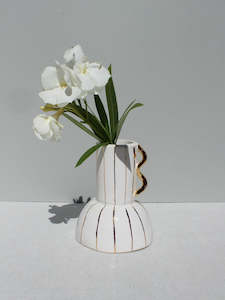 Pre Order: Golden striped Vessel with a Wiggle handle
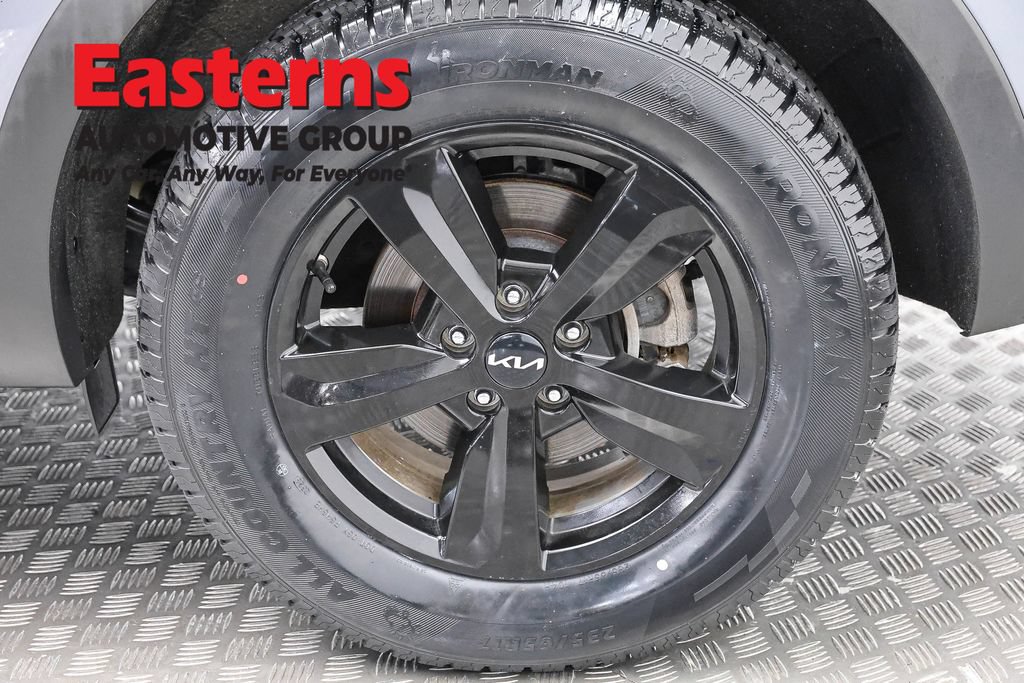 Used 2023 Kia Sorento LX AWD/4WD image 33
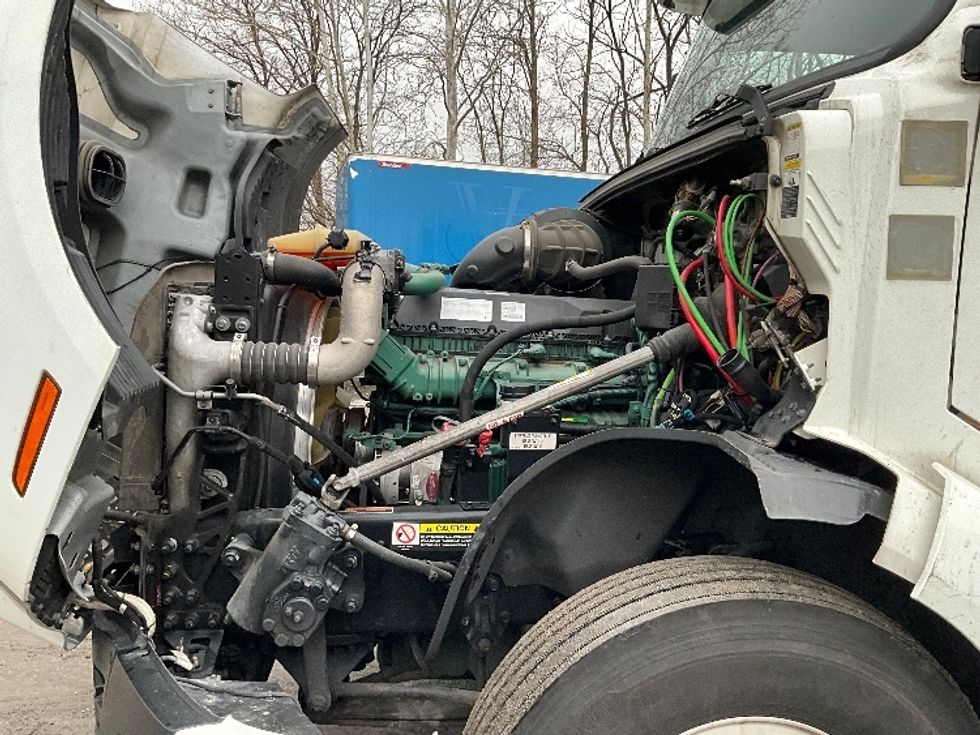 Sleeper Tractor-Heavy Duty Tractors-Volvo-2022-VNL64760-Reading-PA-553,852\n\t\tmiles-$ 64,750 - Image 21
#####
Exercise directions:
When the line that holds "Used 2023 Kia Sorento LX AWD/4WD image 33" is reached, begin duplicating exactly, and continue through the last line of the listing, skipping the pictures; output nothing else.

Output below:
 Used 2023 Kia Sorento LX AWD/4WD image 33
 Sleeper Tractor-Heavy Duty Tractors-Volvo-2022-VNL64760-Reading-PA-553,852\n\t\tmiles-$ 64,750 - Image 21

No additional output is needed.